- Entries supplied:
◇ ◇ ◇ ◇ ◇
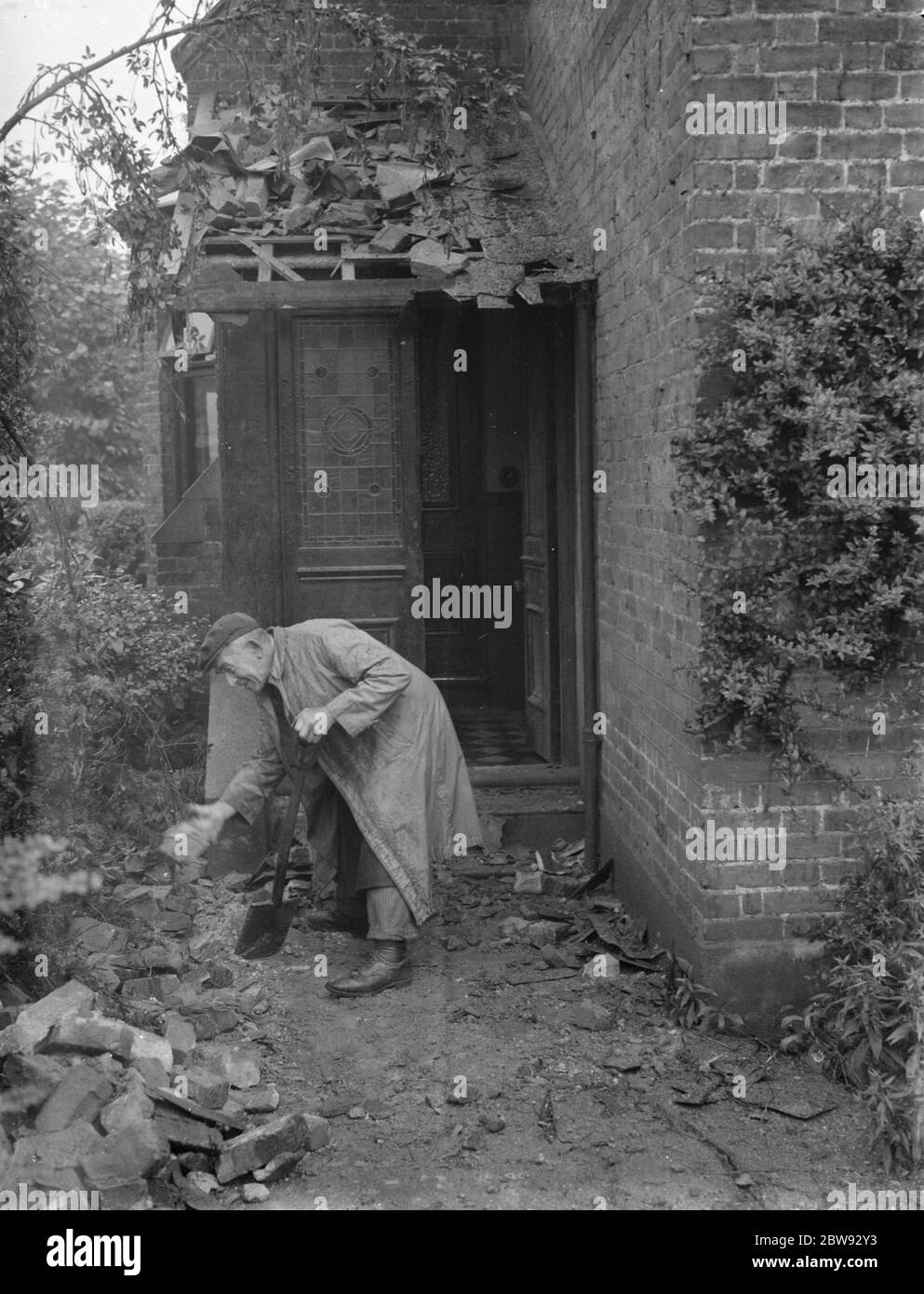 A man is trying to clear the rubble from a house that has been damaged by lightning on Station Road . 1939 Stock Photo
◇ ◇ ◇ ◇ ◇
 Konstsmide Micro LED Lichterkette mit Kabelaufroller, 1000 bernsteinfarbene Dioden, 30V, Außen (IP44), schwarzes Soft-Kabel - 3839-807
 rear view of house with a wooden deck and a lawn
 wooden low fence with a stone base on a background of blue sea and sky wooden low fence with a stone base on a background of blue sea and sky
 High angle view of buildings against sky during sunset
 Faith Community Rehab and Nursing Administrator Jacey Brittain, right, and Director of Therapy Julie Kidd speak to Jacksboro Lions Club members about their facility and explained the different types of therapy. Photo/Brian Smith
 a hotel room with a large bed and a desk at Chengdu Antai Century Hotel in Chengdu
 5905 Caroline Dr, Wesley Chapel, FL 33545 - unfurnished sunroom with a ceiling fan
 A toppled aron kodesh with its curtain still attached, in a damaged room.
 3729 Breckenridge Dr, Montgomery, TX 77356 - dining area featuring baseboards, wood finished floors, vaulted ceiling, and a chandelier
◇ ◇ ◇ ◇ ◇
- What this task involves:
Look through the entries above and quote exactly the lines from the line with "A toppled aron" to the line with "3729 Breckenridge Dr, Montgomery, TX", counting both of those lines.

- Answer to the problem:
 A toppled aron kodesh with its curtain still attached, in a damaged room.
 3729 Breckenridge Dr, Montgomery, TX 77356 - dining area featuring baseboards, wood finished floors, vaulted ceiling, and a chandelier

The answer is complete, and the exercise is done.